* ASSIGNED TASK: With the pictures omitted, set down exactly the lines from the one that contains "PREVIEW] 251018 #ZB1" through the last line of the data.

* MATERIAL PROVIDED:
>>>>

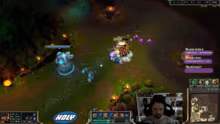 EULCS PRO lvl 30 push! und noch auf mei…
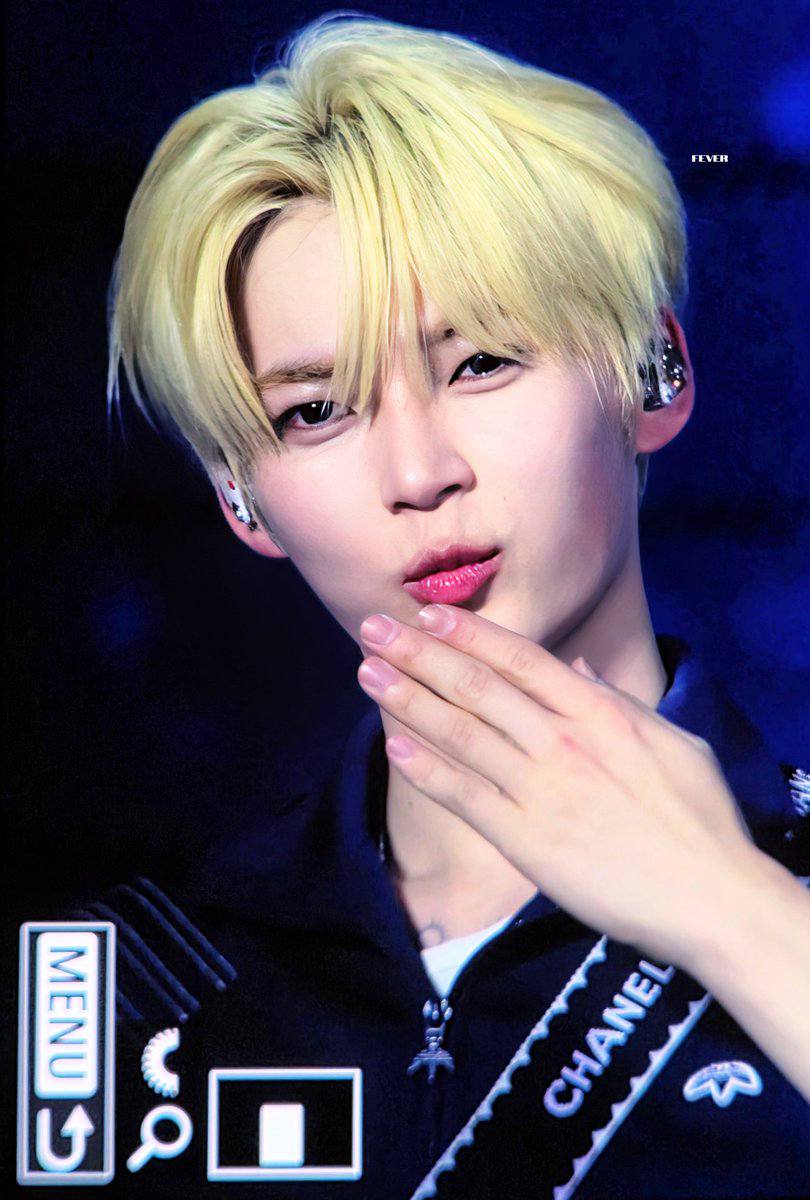 PREVIEW] 251018 #ZB1 HERE & NOW IN BANGKOK : SUNG HANBIN 😍🐹 🩵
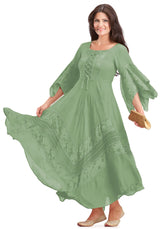 Belladonna Maxi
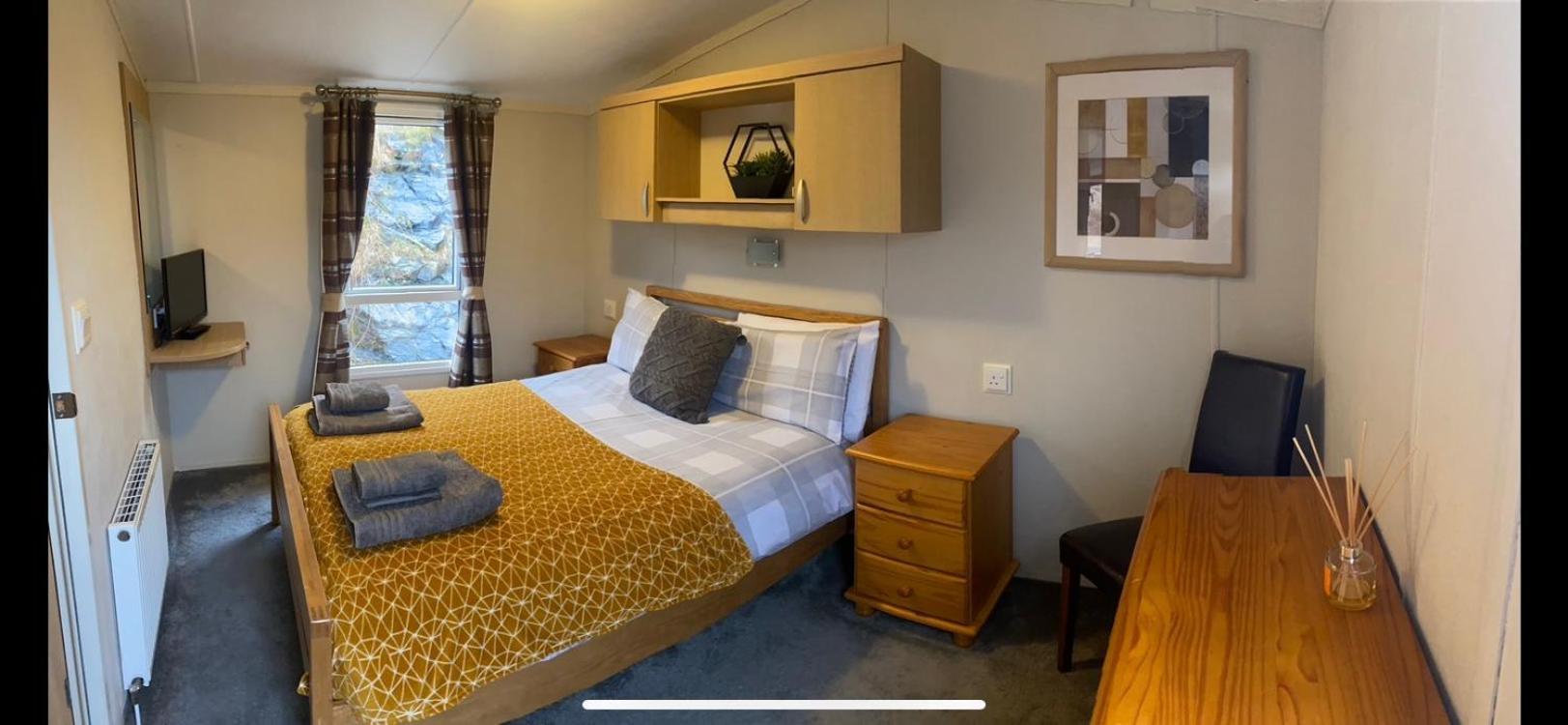 Beautiful Bright Let, 5 Miles From Dornie *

<<<<

* SOLUTION FOR THIS EXERCISE:
 PREVIEW] 251018 #ZB1 HERE & NOW IN BANGKOK : SUNG HANBIN 😍🐹 🩵
 Belladonna Maxi
 Beautiful Bright Let, 5 Miles From Dornie *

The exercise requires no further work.